Sono tredici altari in tufo, grandi, imponenti. Quasi brutali nella loro arcaicità. Tredici rettangoli in fila uno dopo l’altro su una lunghezza di circa cinquanta metri. E ce n’è persino un quattordicesimo, defilato rispetto agli altri. Il colpo d’occhio è grandioso. Non serve fantasia a immaginare antichi sacerdoti che, uno dopo l’altro, versano offerte di vino e miele sugli altari, allora tutti dipinti di rosso.
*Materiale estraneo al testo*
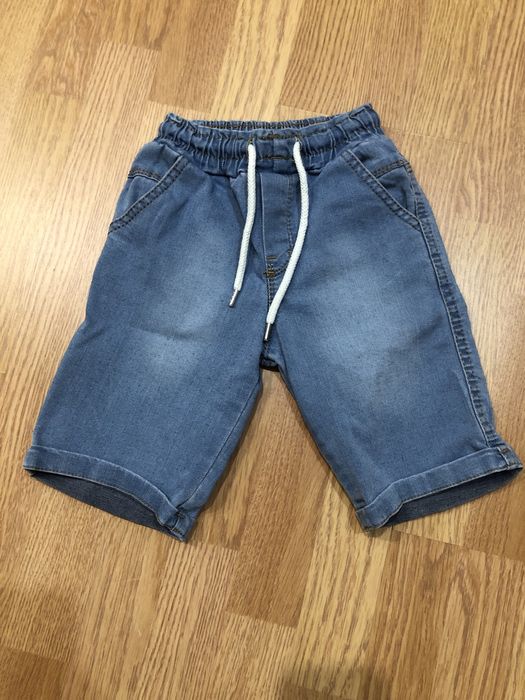 Продам рубашки,брюки и шорты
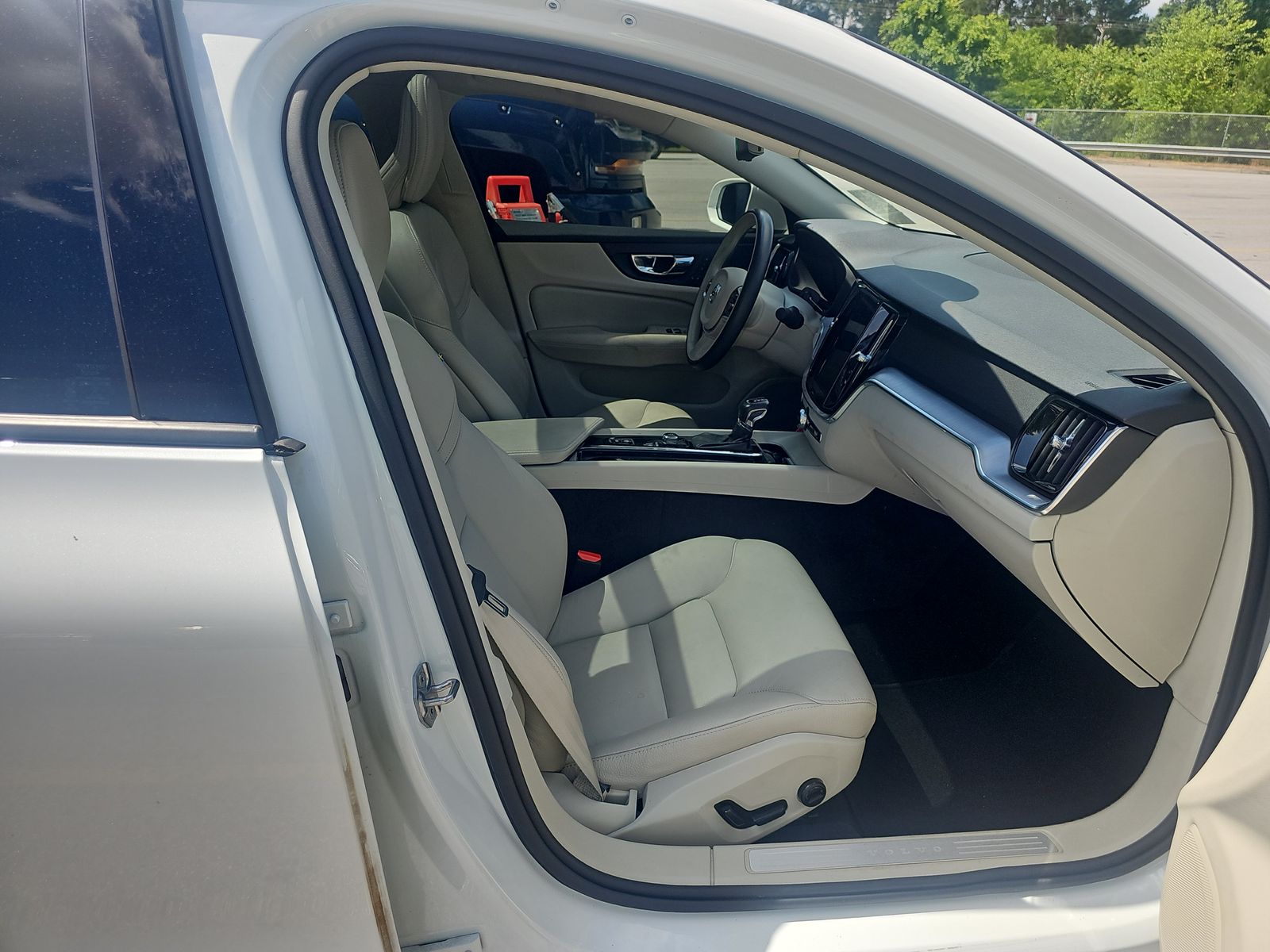 2019 Volvo S60 T5 Momentum FWD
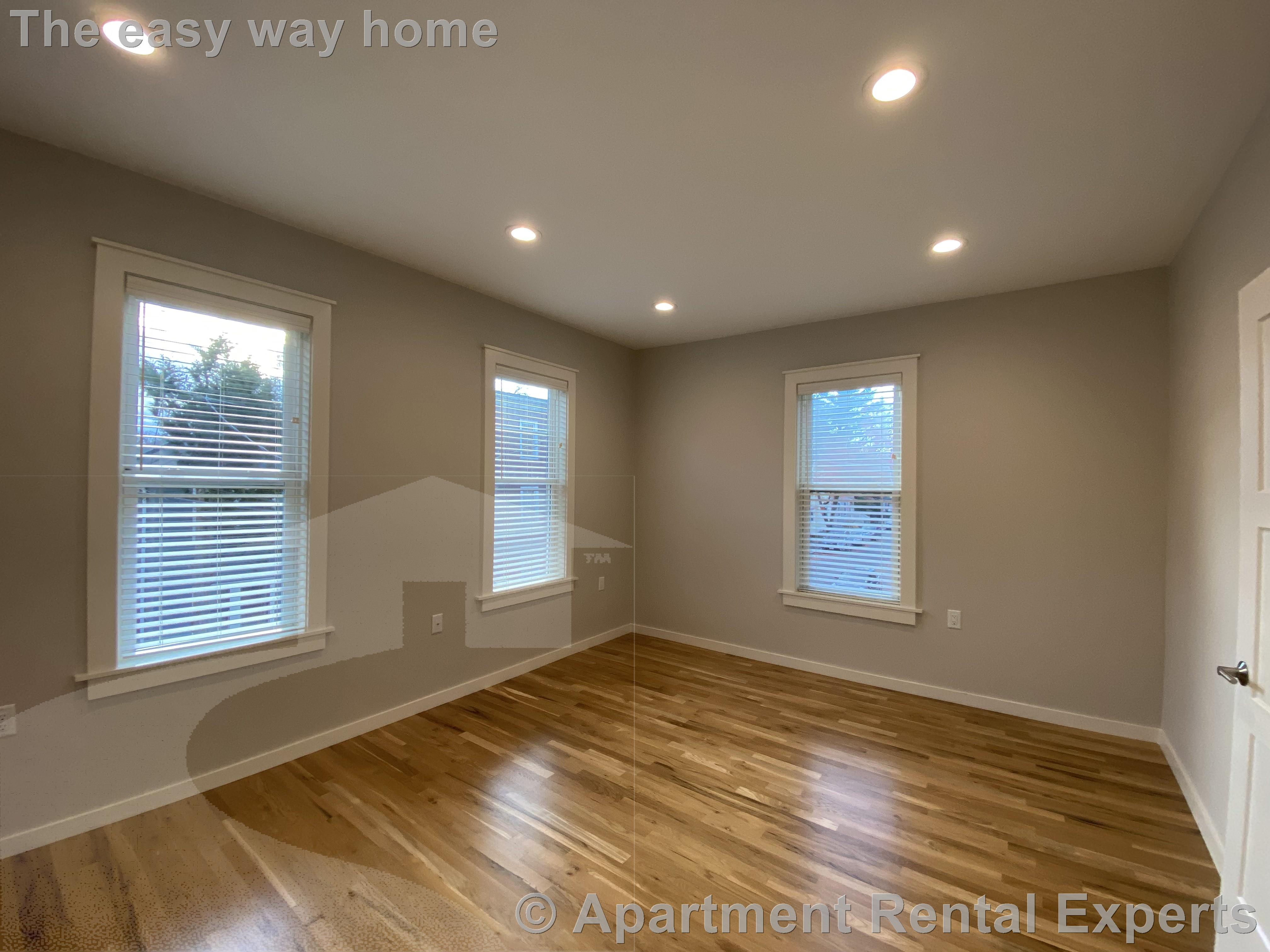 423 Franklin St, Central Square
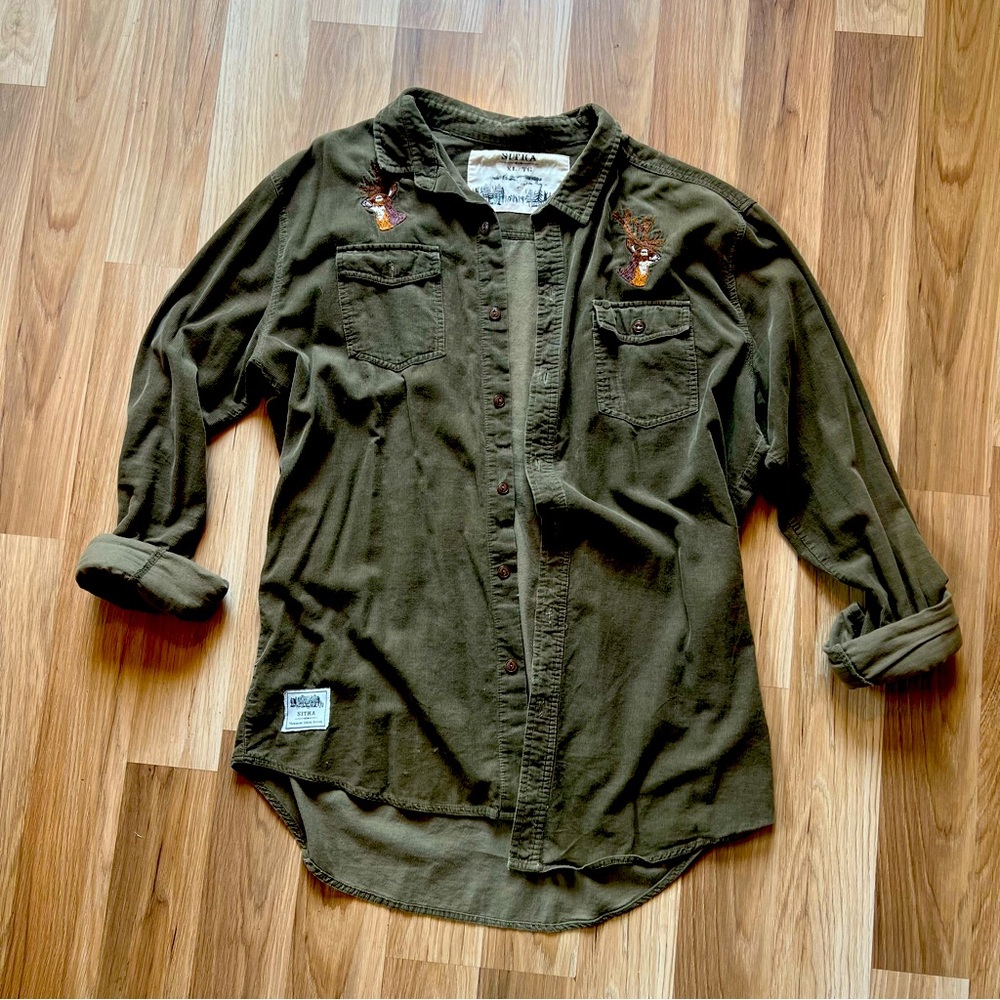 Embroidered Olive Green Casual Button-Down Shirt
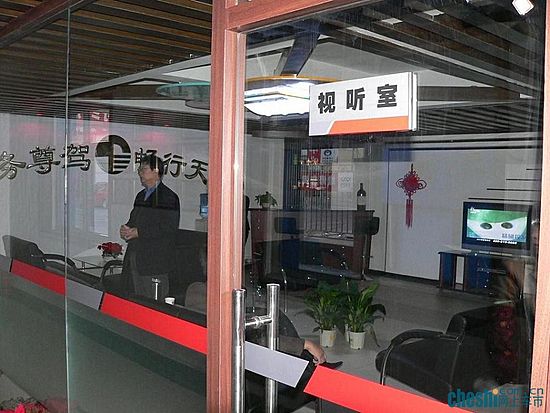 从外往里看，何不迈进了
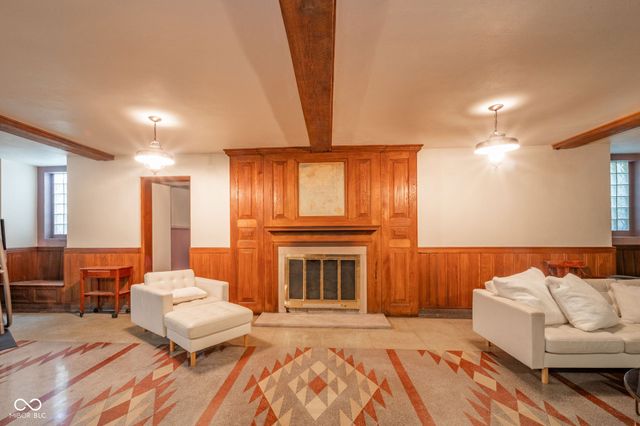1 Whitehall Place, Anderson, IN 46011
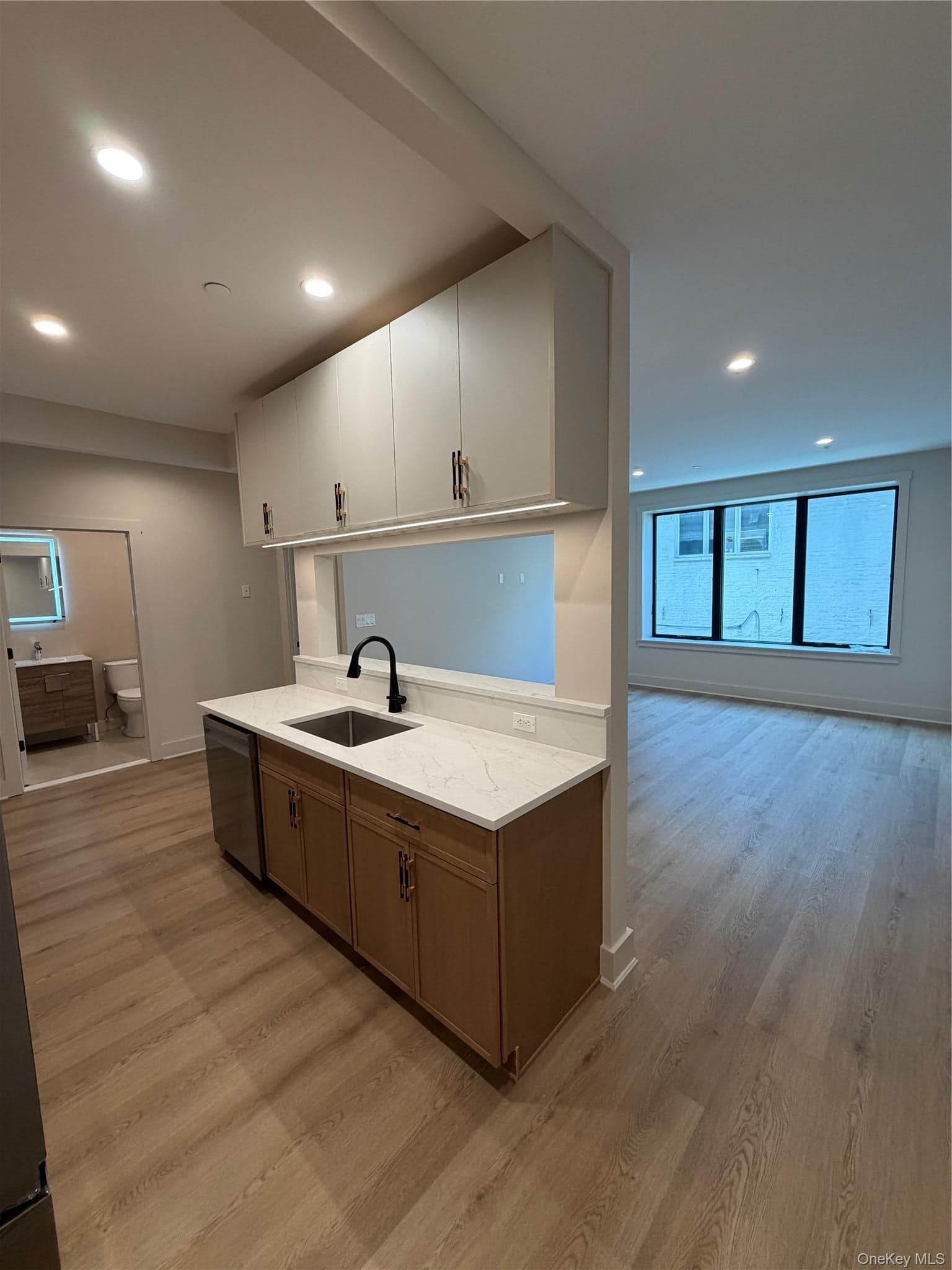 8322 24th Avenue Unit: 2B thumbnail 2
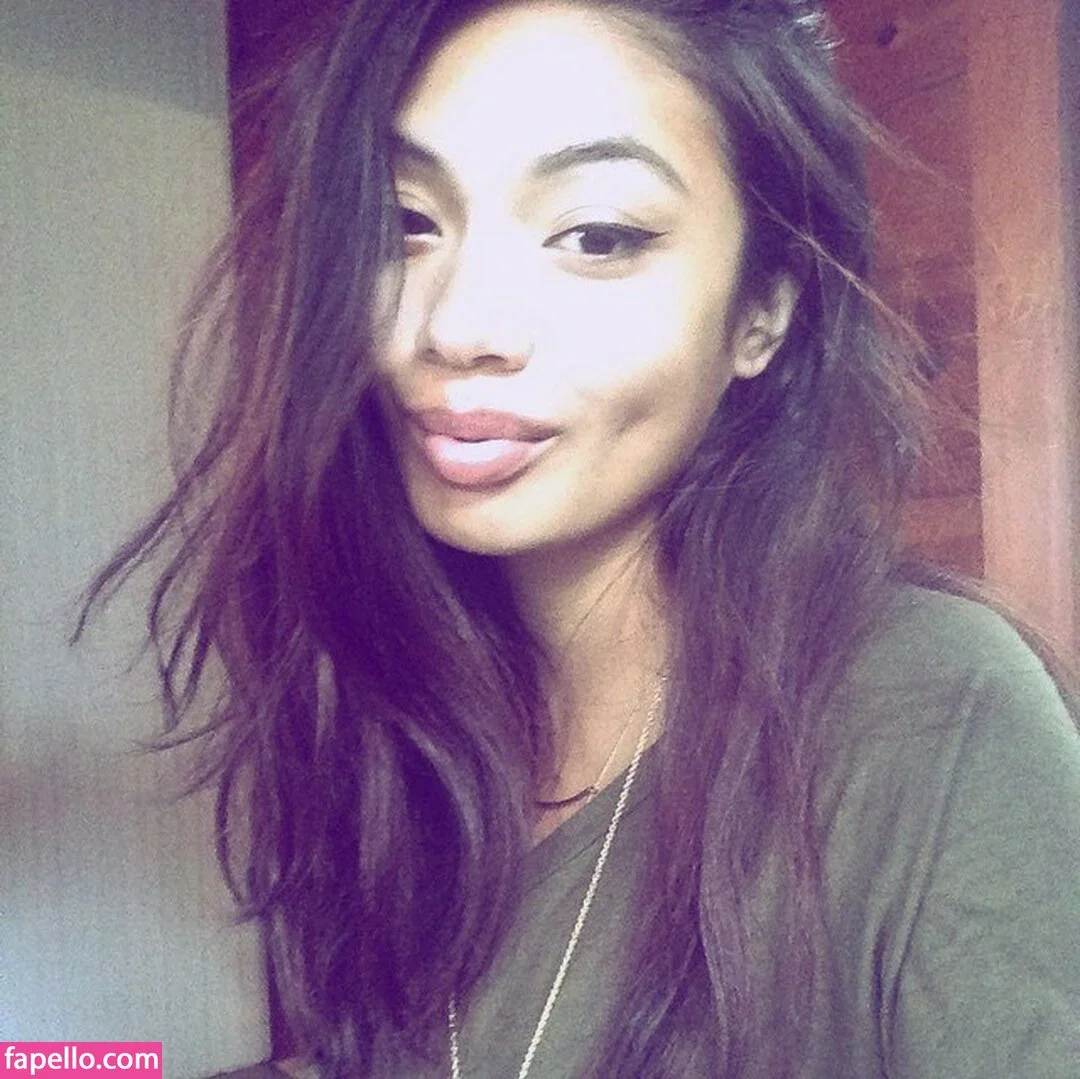 Reyna Morena / enlightenedbimbo / morenareyna Onlyfans Photo Gallery 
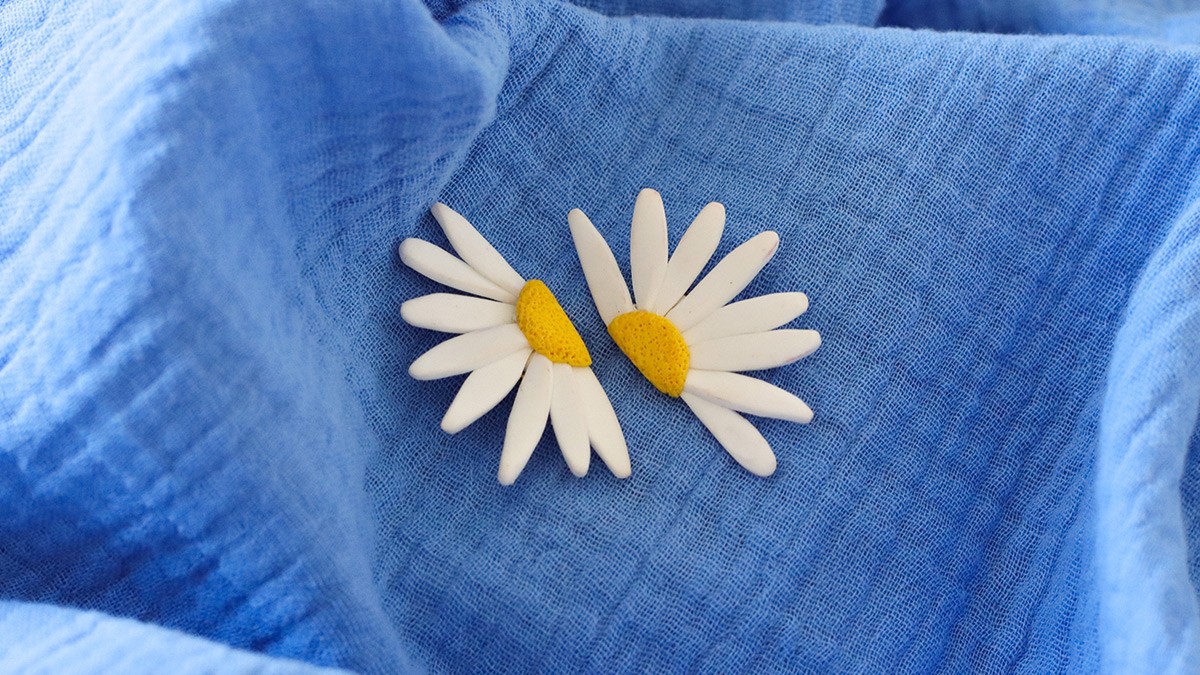 Boucles d'oreilles fleurs pâquerettes en pâte Fimo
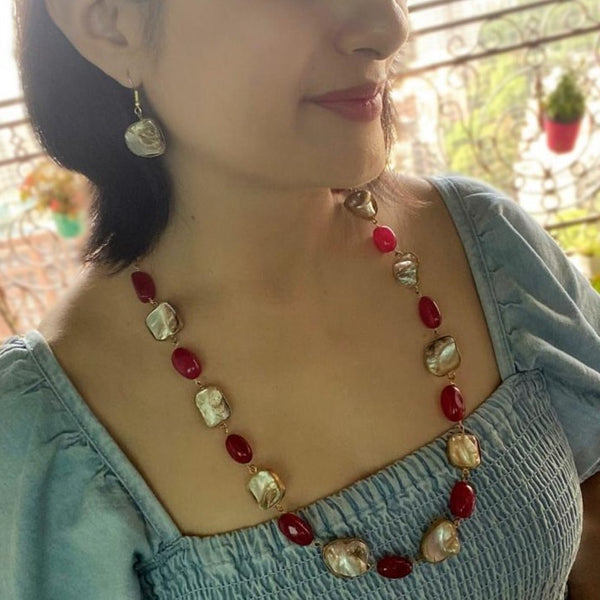 Carmine Red Agate and Mother of Pearl Necklace Set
A pochi passi dagli altari si può trovare l’heroon di Enea descritto già dallo storico Dionigi di Alicarnasso, cioè il tumulo di VII secolo a.C. che gli antichi ritenevano dedicato alla memoria del grande troiano. E’ insomma un luogo ricco di suggestioni e meraviglie, nel cuore di un lembo di campagna romana rimasto miracolosamente intatto
Il santuario di Minerva
Lì giovani donne e fanciulli si recavano per augurarsi un felice matrimonio, o un felice passaggio all’età adulta. Offrivano alla dea statue in terracotta, spesso anche a grandezza reale, che li ritraevano in atto di offrire una colomba o una melagrana, simboli di pace e prosperità, oppure una palla o una trottola, giochi di fanciulli da abbandonare per sempre. E tutti questi fanciulli e fanciulle – oltre un centinaio – sono i protagonisti del piccolo ma splendido museo che dal 2005 racchiude in sé tutte le storie e le leggende di Lavinium. . Ad accogliere chi entra, da vera padrona di casa, è ovviamente la grande statua di Minerva armata, l’austera “Tritonia virgo” celebrata da Virgilio nel canto XI dell’Eneide, nume tutelare delle donne latine. Lavinium.